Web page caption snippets
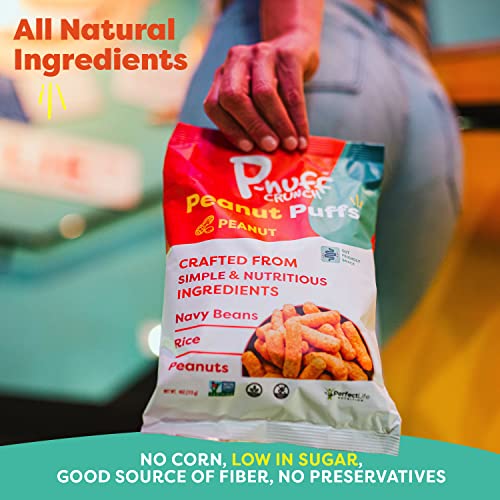 P-Nuff Crunch Baked Peanut Puffs - Healthy Snacks, Gluten Free, Vegan, 20G Vegan Protein Per Bag, Low Fodmap, Plant Based, Dairy Free, Gut-Friendly, As Seen On Shark Tank, 4Oz Bag, Roasted Peanut Pack Of 3 #TOP6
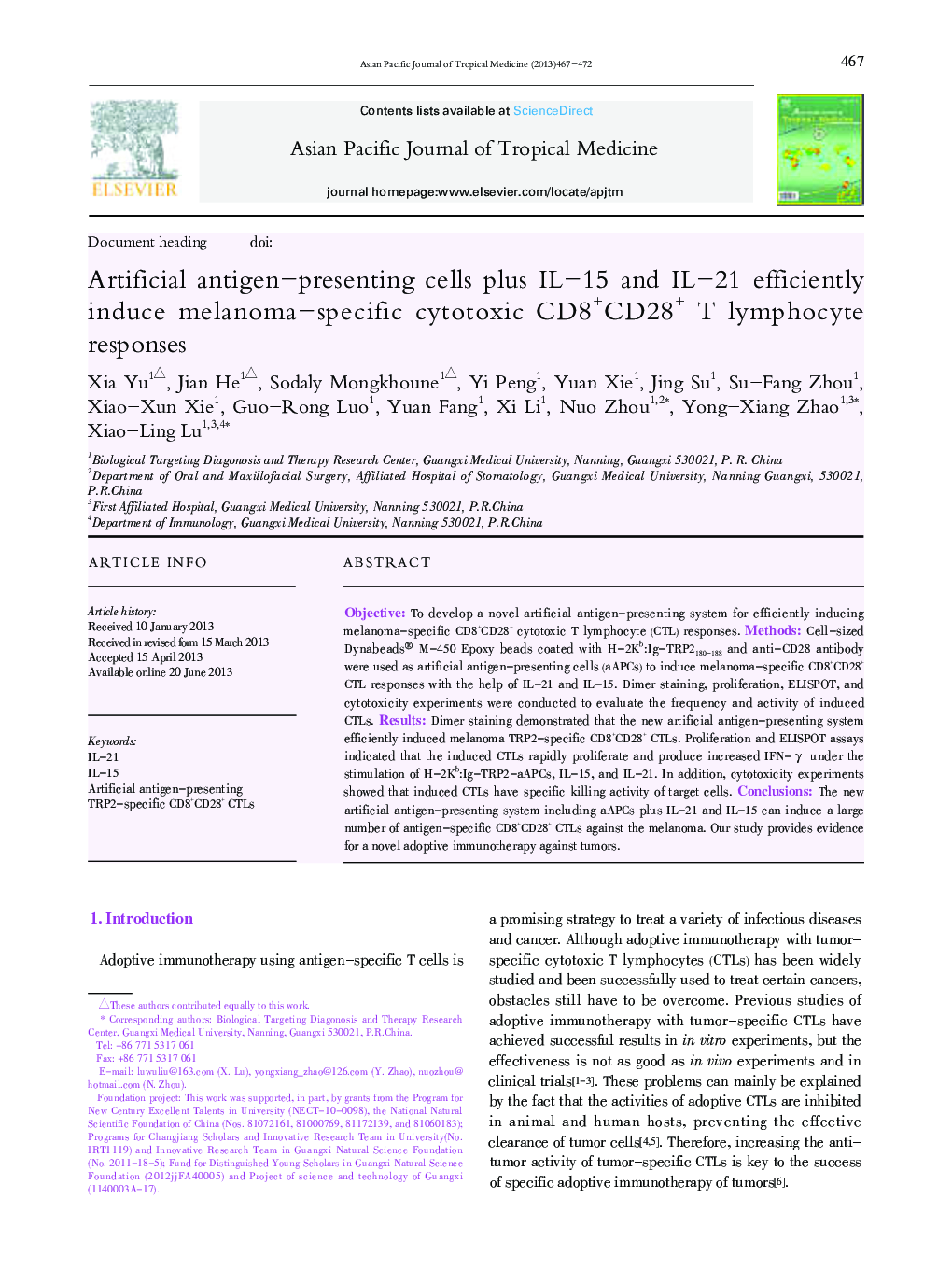 Artificial antigen-presenting cells plus IL-15 and IL-21 efficiently induce melanoma-specific cytotoxic CD8+ CD28+ T lymphocyte responses 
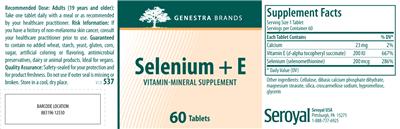 Photo of the Genestra Brands Selenium + E label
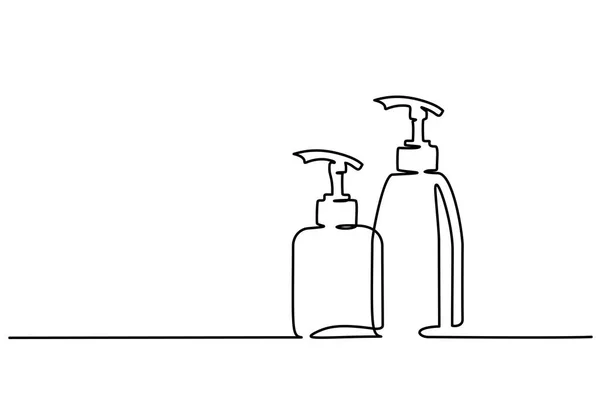 Botellas de champú cosmético Dibujo continuo de una línea — Archivo Imágenes Vectoriales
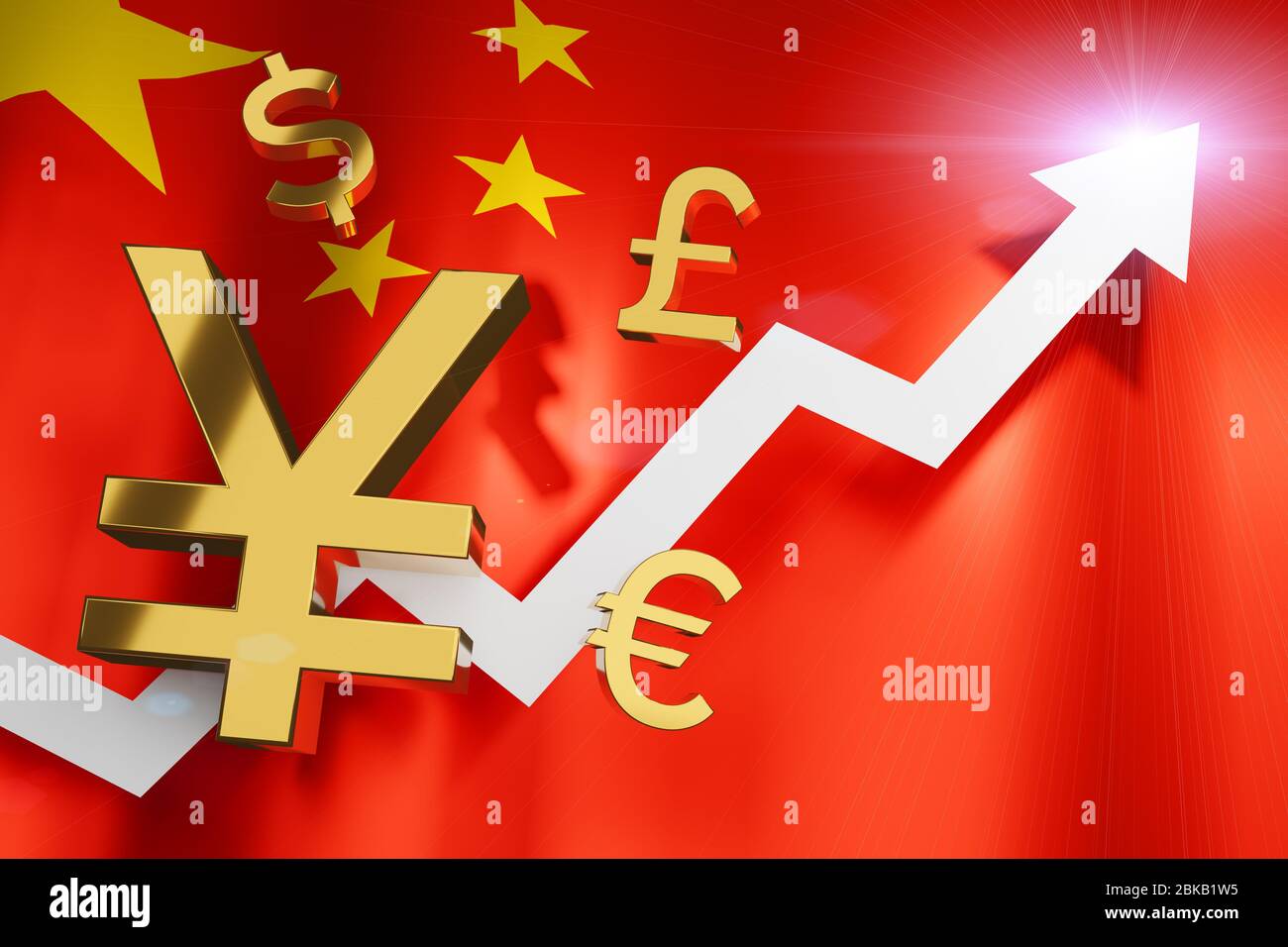 Chinesische Yuan Währung Geld Wechselkurs wachsen steigende Geschäft finanzielle nach Coronavirus Epidemie bestanden Konzept, 3D Rendering. Stockfoto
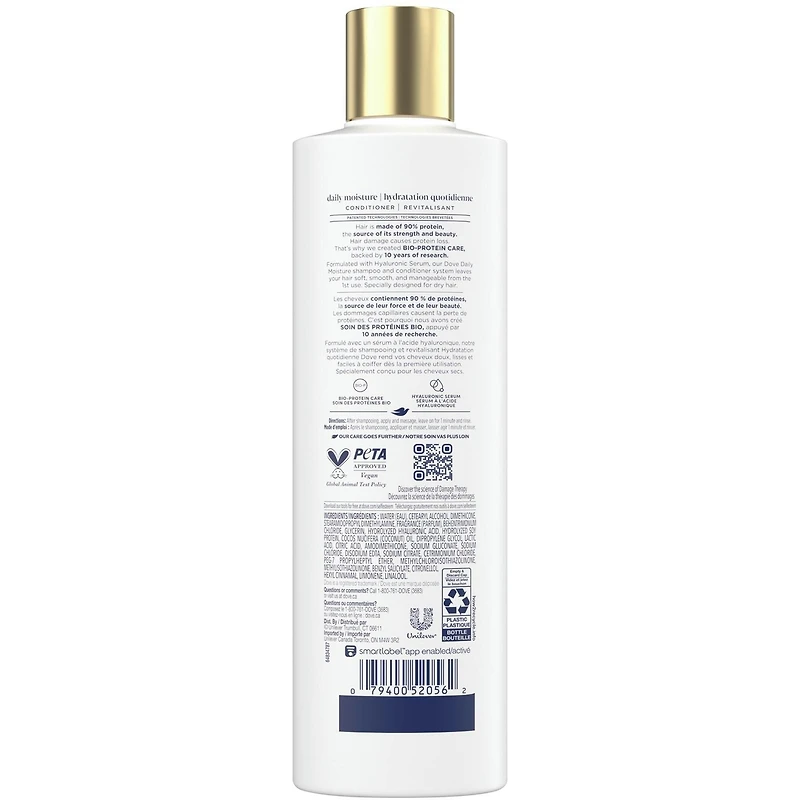 Dove Daily Moisture Conditioner for Dry Hair,  with Liquid Bio-Protein and Hyaluronic Serum, 355 ML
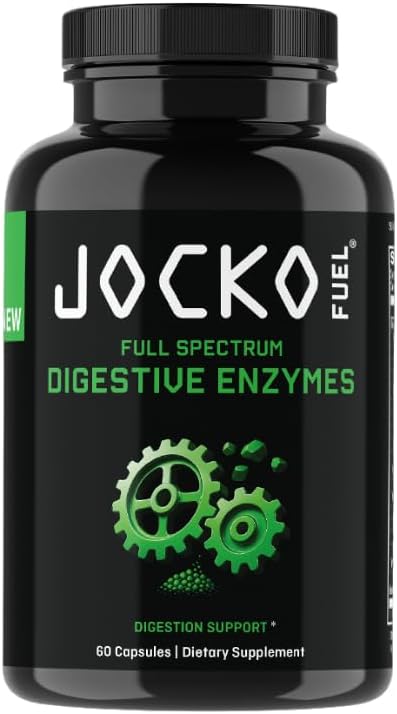 Jocko Fuel Digestive Enzymes - Full Spectrum Support, Nutrient Absorption, Gut Health Support, Digestion Aid - 60 Capsules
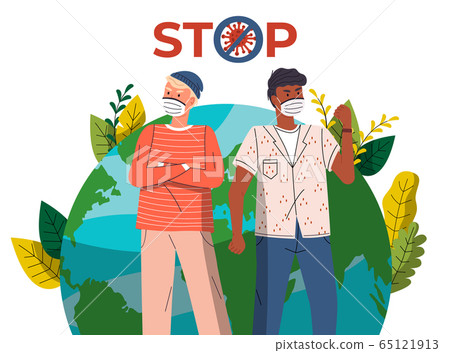 Two young guys in protective medical masks at planet earth background, stop spreading virus Two young guys in protective medical masks at planet earth background, stop spreading virus 65121913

TASK PROMPT>
Exact repeats of the lines from the first one in the data through the line containing "Jocko Fuel Digestive" make up the answer. Pictures do not.

YOUR SOLUTION>
 P-Nuff Crunch Baked Peanut Puffs - Healthy Snacks, Gluten Free, Vegan, 20G Vegan Protein Per Bag, Low Fodmap, Plant Based, Dairy Free, Gut-Friendly, As Seen On Shark Tank, 4Oz Bag, Roasted Peanut Pack Of 3 #TOP6
 Artificial antigen-presenting cells plus IL-15 and IL-21 efficiently induce melanoma-specific cytotoxic CD8+ CD28+ T lymphocyte responses 
 Photo of the Genestra Brands Selenium + E label
 Botellas de champú cosmético Dibujo continuo de una línea — Archivo Imágenes Vectoriales
 Chinesische Yuan Währung Geld Wechselkurs wachsen steigende Geschäft finanzielle nach Coronavirus Epidemie bestanden Konzept, 3D Rendering. Stockfoto
 Dove Daily Moisture Conditioner for Dry Hair,  with Liquid Bio-Protein and Hyaluronic Serum, 355 ML
 Jocko Fuel Digestive Enzymes - Full Spectrum Support, Nutrient Absorption, Gut Health Support, Digestion Aid - 60 Capsules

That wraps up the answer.